While a minority of countries do not deduct withholding tax on dividends paid, most countries require dividends to have a proportion withheld for tax - the taxable component is withheld by the foreign revenue agency.

The amount taken varies per country, for instance:

  • France deducts 25%
  • The United States takes 30% (this may even increase to 39.6 per cent if President Obama's fiscal 2013 budget plan for higher taxes on dividends is accepted)
  • Switzerland deducts already a massive 35%

Luckily, at least for UK tax payers, the United Kingdom has signed over 100 so-called double taxation agreements (“DTA”) with other countries, which usually set out a maximum rate of withholding tax that a given country can charge on payments to UK tax payers.

Unfortunately, these rates vary per country. Typically, only up to 15 percentage points of these overseas deductions can be reclaimed.

Where the UK has a DTA with the country in question, investors are entitled to reclaim the difference between the foreign tax rate and that deducted here in the UK.

The allowable amounts that can be claimed back from the foreign tax revenue agencies are restricted to pre-agreed levels between the UK Treasury and their overseas counterparts.

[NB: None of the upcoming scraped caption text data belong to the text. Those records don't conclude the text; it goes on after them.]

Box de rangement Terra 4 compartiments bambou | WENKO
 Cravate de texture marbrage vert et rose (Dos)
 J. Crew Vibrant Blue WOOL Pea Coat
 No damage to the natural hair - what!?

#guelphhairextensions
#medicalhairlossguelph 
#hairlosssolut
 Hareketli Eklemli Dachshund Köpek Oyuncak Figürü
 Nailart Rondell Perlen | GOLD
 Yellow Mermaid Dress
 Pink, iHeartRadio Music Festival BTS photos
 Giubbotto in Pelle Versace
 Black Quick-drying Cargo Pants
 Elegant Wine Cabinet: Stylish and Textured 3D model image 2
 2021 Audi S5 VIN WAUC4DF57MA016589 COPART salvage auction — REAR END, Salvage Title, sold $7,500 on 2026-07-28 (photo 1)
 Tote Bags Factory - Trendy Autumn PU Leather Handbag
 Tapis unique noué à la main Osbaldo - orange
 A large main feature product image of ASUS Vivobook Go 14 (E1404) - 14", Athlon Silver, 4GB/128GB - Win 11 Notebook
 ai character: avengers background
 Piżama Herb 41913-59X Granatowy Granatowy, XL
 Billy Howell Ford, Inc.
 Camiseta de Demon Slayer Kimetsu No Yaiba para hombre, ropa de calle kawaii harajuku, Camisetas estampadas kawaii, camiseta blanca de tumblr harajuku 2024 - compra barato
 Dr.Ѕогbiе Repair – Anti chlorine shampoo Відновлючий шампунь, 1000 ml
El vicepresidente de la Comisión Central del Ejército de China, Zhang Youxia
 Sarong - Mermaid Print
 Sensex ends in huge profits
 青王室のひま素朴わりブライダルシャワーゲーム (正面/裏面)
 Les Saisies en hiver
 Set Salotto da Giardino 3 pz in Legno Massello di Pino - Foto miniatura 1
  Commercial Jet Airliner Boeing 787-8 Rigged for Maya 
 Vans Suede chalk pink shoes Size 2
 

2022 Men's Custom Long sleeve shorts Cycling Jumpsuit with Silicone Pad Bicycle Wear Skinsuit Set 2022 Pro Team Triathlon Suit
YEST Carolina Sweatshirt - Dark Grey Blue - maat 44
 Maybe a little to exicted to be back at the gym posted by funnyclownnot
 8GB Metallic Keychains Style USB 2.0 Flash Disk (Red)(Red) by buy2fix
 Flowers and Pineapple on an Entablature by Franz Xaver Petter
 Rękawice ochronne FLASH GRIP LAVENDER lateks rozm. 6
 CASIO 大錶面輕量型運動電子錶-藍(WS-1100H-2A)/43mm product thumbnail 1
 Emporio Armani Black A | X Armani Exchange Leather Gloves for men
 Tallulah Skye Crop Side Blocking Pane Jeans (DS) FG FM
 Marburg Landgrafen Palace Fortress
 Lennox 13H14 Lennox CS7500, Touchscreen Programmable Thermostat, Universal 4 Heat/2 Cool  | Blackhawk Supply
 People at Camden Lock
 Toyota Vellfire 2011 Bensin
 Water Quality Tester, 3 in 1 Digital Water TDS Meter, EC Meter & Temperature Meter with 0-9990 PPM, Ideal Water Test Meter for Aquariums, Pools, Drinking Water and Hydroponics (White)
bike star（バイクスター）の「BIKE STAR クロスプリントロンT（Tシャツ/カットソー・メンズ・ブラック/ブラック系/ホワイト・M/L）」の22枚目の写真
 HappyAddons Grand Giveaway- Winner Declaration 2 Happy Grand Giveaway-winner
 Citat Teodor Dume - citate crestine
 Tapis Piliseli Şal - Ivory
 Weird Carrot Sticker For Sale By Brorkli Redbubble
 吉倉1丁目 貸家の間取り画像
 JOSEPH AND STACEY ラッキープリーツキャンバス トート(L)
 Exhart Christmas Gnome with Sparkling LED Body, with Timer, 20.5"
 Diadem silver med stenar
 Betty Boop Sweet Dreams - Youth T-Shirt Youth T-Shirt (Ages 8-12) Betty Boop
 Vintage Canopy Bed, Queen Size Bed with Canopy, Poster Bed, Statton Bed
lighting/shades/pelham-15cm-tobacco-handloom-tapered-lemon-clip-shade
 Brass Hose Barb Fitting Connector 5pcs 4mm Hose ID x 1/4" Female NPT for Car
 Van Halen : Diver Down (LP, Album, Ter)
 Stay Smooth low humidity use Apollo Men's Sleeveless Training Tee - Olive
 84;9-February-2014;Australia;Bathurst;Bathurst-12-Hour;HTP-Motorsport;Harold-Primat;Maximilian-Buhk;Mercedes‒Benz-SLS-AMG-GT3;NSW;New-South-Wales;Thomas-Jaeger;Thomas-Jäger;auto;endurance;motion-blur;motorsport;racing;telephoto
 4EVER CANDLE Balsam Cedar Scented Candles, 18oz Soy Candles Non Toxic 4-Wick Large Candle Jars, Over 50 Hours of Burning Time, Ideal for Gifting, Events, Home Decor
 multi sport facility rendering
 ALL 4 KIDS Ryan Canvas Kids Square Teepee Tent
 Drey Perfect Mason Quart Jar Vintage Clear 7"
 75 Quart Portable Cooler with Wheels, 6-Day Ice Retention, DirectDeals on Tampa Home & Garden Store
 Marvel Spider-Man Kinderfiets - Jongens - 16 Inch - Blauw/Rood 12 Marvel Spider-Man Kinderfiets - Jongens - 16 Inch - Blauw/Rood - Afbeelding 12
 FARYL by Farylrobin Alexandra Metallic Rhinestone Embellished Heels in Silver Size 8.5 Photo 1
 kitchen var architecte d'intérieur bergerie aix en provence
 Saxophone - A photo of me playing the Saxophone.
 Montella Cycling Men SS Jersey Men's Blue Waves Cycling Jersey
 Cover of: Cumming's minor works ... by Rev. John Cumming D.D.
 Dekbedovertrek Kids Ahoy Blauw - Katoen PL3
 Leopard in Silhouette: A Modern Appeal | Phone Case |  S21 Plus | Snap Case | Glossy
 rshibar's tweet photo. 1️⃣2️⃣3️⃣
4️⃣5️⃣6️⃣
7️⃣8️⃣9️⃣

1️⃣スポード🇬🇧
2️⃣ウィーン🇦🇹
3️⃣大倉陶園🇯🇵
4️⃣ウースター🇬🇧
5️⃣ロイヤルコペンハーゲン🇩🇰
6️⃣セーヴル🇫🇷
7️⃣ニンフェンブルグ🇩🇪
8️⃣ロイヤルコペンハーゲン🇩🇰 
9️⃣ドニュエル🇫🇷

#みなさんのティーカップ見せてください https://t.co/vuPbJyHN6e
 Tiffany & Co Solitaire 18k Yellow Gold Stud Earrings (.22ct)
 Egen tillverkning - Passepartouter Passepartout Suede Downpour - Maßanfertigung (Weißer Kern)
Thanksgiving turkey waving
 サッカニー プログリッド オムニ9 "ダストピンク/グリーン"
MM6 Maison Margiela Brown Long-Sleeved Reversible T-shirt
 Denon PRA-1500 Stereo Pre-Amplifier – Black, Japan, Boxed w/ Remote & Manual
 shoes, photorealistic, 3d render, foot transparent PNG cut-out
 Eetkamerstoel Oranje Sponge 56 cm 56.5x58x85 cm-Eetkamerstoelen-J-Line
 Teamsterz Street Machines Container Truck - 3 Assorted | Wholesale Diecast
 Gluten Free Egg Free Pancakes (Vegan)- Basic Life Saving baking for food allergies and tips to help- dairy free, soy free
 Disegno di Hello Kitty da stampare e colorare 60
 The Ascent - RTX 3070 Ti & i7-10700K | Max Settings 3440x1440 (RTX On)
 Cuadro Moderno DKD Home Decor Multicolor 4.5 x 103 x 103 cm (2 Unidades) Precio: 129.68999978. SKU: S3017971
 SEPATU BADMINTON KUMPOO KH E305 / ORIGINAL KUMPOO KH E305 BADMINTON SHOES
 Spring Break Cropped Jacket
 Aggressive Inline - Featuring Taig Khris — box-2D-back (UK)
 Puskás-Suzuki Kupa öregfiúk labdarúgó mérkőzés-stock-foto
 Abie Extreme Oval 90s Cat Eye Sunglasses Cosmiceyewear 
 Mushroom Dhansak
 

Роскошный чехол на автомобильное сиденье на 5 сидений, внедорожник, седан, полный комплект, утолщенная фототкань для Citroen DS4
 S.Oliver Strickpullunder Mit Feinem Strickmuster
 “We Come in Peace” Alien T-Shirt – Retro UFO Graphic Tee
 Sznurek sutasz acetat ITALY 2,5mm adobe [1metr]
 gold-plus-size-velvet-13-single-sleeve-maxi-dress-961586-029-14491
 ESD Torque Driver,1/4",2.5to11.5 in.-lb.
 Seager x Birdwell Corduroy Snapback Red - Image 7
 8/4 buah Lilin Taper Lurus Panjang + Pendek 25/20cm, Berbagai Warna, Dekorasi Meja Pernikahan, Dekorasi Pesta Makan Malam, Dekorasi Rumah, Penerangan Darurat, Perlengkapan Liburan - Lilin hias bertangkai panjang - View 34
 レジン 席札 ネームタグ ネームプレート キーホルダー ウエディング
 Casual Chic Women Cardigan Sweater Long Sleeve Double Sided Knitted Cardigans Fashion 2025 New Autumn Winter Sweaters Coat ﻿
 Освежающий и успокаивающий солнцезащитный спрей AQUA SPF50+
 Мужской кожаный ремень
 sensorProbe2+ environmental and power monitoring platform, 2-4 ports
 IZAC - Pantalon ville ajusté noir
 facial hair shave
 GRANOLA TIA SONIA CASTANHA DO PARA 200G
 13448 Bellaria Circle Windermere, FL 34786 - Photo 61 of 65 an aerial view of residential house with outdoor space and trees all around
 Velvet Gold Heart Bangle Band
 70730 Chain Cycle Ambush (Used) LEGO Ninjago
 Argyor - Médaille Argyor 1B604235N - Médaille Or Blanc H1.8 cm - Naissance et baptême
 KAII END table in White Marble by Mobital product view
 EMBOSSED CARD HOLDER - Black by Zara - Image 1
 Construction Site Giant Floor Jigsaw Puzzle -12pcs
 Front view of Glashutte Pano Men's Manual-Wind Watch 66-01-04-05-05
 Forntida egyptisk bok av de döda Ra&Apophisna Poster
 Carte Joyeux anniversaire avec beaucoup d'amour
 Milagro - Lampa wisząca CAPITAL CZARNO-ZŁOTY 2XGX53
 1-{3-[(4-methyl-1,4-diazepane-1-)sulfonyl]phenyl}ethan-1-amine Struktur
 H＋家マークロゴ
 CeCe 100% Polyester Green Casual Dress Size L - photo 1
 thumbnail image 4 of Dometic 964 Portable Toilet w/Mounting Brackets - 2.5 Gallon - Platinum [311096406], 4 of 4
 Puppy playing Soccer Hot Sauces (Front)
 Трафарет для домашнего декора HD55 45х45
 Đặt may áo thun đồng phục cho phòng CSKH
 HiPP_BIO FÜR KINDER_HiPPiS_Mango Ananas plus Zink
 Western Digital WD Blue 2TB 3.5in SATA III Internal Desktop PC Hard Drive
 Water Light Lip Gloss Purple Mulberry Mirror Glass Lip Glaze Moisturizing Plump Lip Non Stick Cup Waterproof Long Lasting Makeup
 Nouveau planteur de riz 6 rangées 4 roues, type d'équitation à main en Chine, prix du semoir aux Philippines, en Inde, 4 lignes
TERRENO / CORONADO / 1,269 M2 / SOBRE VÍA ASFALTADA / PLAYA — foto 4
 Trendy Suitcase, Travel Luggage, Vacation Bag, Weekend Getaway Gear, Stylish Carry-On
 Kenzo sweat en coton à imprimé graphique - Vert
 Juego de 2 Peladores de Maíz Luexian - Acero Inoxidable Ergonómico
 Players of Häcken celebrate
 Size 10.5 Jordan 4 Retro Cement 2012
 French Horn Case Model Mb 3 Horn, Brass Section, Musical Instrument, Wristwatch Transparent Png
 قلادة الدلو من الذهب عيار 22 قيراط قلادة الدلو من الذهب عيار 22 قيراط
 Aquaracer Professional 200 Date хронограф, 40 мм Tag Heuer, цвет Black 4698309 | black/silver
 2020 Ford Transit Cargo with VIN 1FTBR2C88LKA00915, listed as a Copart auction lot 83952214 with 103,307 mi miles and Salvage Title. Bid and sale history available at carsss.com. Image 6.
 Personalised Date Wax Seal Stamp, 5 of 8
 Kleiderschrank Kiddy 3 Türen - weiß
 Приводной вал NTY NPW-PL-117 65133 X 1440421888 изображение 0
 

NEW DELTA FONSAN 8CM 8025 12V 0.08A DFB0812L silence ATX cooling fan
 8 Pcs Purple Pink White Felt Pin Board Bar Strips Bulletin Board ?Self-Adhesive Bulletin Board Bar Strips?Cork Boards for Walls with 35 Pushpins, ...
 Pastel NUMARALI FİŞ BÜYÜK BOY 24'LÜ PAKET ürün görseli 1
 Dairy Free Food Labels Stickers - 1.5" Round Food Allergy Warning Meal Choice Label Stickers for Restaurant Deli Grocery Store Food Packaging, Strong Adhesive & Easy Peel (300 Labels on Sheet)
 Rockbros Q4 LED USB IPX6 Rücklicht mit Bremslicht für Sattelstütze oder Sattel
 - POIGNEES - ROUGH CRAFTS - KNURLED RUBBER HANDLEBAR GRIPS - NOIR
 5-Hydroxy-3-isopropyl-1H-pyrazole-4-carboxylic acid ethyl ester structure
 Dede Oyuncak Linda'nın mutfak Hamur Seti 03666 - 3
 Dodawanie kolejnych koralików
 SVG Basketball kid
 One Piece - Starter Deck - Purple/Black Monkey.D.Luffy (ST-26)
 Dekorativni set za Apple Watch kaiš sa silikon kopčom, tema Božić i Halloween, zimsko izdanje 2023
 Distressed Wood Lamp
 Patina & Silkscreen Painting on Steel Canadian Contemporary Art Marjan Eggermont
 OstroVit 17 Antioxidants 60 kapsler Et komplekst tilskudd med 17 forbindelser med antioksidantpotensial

For example, a Swiss listed company's dividends would be paid to UK tax payers minus a 35 percent withholding tax. But, under the DTA with Switzerland, investors can reclaim 20 per cent of that.

Non-US Investors in US-listed stocks and shares can complete a W-8BEN (certificate of foreign status) prior to investing (to be refilled every three years). This will ensure that if the signatory is a UK tax payer, only 15 percent rather than the (current) standard 30 percent withholding tax is deducted from source.

Why is dividend withholding tax not been reclaimed by my stockbroker or financial adviser?

None of the stockbrokers we have contacted in the UK, nor many UK local tax advisors, are involved in reclaiming dividend withholding tax on behalf of their clients.

In most cases the only way to obtain your legal entitlement is to file a reclaim at the local foreign tax authorities. But many investors shy away from this for all kinds of reasons, such as:

  • Lack of reclaim opportunity awareness
  • Can’t be bothered to do it
  • No standardised reclaim process
  • Varying timeframes
  • High fees erode value of refund
  • Fragmented chain of intermediaries
  • Proliferation of errors
  • Language barriers

Also, while some stockbrokers, such as TD Waterhouse – Dividend Income Investor.com’s stockbroker - insist that UK investors complete a so-called W-8BEN form (for US investments) before clients can trade many other brokers leave this important paperwork for the investor to sort out.

According to specialist withholding tax reclamation firm Taxback only 7 percent of dividend withholding tax is reclaimed globally, meaning that, "if you translate this to those in the UK with overseas assets in their portfolios, the loss could be upwards of GBP1bn a year".

Many people either don't know they can reclaim dividend withholding tax or think it is too much hassle.

Are you eligible to reclaim dividend withholding tax?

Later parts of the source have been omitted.